Bases: PreTrainedConfig

This is the configuration class to store the configuration of a DeepStarrModel. It is used to instantiate a DeepSTARR model according to the specified arguments, defining the model architecture. Instantiating a configuration with the defaults will yield a similar configuration to that of the DeepSTARR bernardo-de-almeida/DeepSTARR architecture.

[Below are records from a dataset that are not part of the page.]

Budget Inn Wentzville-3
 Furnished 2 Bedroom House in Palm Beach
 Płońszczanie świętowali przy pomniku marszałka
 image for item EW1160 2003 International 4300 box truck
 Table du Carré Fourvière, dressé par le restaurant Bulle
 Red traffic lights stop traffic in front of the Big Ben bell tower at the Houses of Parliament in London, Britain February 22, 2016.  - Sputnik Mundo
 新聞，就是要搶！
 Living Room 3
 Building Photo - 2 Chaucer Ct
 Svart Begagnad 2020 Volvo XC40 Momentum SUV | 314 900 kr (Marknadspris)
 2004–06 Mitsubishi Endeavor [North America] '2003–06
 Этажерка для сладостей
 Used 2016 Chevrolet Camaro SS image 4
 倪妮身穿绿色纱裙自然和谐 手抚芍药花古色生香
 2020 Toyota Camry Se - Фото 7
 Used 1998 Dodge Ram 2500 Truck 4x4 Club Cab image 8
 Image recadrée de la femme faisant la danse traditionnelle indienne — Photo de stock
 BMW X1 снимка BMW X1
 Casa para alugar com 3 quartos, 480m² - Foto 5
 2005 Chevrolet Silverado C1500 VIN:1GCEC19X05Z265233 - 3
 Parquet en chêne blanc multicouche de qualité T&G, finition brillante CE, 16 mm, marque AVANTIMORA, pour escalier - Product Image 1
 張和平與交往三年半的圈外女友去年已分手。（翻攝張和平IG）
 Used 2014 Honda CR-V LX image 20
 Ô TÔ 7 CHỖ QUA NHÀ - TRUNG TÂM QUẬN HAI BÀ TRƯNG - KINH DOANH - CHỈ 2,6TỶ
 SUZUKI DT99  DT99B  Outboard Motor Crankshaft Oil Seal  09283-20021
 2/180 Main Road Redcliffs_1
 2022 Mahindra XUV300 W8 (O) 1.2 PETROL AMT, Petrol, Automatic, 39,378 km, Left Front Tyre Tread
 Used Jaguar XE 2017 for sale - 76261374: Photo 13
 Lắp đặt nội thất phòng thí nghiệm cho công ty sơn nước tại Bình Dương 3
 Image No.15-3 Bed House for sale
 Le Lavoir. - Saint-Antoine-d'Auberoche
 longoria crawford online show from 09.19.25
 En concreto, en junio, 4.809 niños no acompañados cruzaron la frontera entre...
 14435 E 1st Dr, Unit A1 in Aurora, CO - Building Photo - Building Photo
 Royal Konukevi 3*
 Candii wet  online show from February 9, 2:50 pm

Configuration objects inherit from PreTrainedConfig and can be used to control the model outputs. Read the documentation from PreTrainedConfig for more information.

Parameters:

Name	Type	Description	Default
vocab_size	int	Vocabulary size of the DeepSTARR model. Defines the number of feature channels in the one-hot encoded input fed to the first convolution. Defaults to 5.	5
input_length	int	The fixed length (in base pairs) of the input DNA sequence. Defaults to 249.	249
num_conv_layers	int	Number of convolutional blocks (Conv1D + BatchNorm + ReLU + MaxPool).	4
conv_channels	list[int] | None	Number of output channels for each convolutional block.	None
conv_kernel_sizes	list[int] | None	Convolution kernel size for each convolutional block.	None
pool_size	int	Max pooling window applied after every convolutional block.	2
num_fc_layers	int	Number of fully-connected layers between the convolutional stack and the prediction head.	2
fc_dims	list[int] | None	Hidden size for each fully-connected layer.	None
hidden_act	str	The non-linear activation function (function or string) in the encoder. If string, "gelu", "relu", "silu" and "gelu_new" are supported.	'relu'
hidden_dropout	float	The dropout probability for the fully-connected layers.	0.4
batch_norm_eps	float	The epsilon used by the batch normalization layers.	0.001
batch_norm_momentum	float	The momentum used by the batch normalization layers.	0.1
num_labels	int	Number of regression outputs. DeepSTARR predicts developmental and housekeeping enhancer activity.	2
head	HeadConfig | None	The configuration of the prediction head. Defaults to a regression head (problem_type="regression"), matching DeepSTARR’s enhancer activity prediction task.	None

Examples:

>>> from multimolecule import DeepStarrConfig, DeepStarrModel
>>> # Initializing a DeepSTARR multimolecule/deepstarr style configuration
>>> configuration = DeepStarrConfig()
>>> # Initializing a model (with random weights) from the multimolecule/deepstarr style configuration
>>> model = DeepStarrModel(configuration)
>>> # Accessing the model configuration
>>> configuration = model.config

Source code in multimolecule/models/deepstarr/configuration_deepstarr.py

class DeepStarrConfig(PreTrainedConfig):
    r"""
    This is the configuration class to store the configuration of a
    [`DeepStarrModel`][multimolecule.models.DeepStarrModel]. It is used to instantiate a DeepSTARR model according to
    the specified arguments, defining the model architecture. Instantiating a configuration with the defaults will
    yield a similar configuration to that of the DeepSTARR
    [bernardo-de-almeida/DeepSTARR](https://github.com/bernardo-de-almeida/DeepSTARR) architecture.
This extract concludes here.